*** INPUT ***

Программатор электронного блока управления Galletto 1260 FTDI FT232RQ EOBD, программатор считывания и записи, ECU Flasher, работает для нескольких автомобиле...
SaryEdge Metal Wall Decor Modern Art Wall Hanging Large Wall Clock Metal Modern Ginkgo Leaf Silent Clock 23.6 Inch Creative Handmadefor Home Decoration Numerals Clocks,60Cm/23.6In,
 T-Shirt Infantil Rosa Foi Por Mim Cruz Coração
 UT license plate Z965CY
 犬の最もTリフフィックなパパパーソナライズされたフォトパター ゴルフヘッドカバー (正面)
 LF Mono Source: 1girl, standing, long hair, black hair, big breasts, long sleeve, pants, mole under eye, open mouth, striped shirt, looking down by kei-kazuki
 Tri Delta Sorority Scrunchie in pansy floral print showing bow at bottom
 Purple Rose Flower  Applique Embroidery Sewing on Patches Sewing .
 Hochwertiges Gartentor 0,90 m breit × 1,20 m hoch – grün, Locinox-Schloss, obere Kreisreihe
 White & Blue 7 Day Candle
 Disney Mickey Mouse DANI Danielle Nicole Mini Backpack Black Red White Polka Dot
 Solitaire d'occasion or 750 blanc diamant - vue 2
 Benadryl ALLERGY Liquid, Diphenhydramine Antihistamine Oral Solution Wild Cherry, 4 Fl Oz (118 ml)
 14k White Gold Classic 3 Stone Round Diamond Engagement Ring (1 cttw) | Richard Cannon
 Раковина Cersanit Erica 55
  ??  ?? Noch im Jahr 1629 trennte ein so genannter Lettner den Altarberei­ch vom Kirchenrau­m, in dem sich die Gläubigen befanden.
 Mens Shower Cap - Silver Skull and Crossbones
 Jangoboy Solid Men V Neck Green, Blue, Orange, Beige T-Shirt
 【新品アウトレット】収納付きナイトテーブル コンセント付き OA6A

*** End of INPUT ***

_EXERCISE REQUIREMENTS_. Which lines run from the one containing "LF Mono Source: 1girl, standing, long" to the end of the entries above? Print them exactly, both ends included, and nothing else.

_ANSWER TO THIS PROBLEM_.
 LF Mono Source: 1girl, standing, long hair, black hair, big breasts, long sleeve, pants, mole under eye, open mouth, striped shirt, looking down by kei-kazuki
 Tri Delta Sorority Scrunchie in pansy floral print showing bow at bottom
 Purple Rose Flower  Applique Embroidery Sewing on Patches Sewing .
 Hochwertiges Gartentor 0,90 m breit × 1,20 m hoch – grün, Locinox-Schloss, obere Kreisreihe
 White & Blue 7 Day Candle
 Disney Mickey Mouse DANI Danielle Nicole Mini Backpack Black Red White Polka Dot
 Solitaire d'occasion or 750 blanc diamant - vue 2
 Benadryl ALLERGY Liquid, Diphenhydramine Antihistamine Oral Solution Wild Cherry, 4 Fl Oz (118 ml)
 14k White Gold Classic 3 Stone Round Diamond Engagement Ring (1 cttw) | Richard Cannon
 Раковина Cersanit Erica 55
  ??  ?? Noch im Jahr 1629 trennte ein so genannter Lettner den Altarberei­ch vom Kirchenrau­m, in dem sich die Gläubigen befanden.
 Mens Shower Cap - Silver Skull and Crossbones
 Jangoboy Solid Men V Neck Green, Blue, Orange, Beige T-Shirt
 【新品アウトレット】収納付きナイトテーブル コンセント付き OA6A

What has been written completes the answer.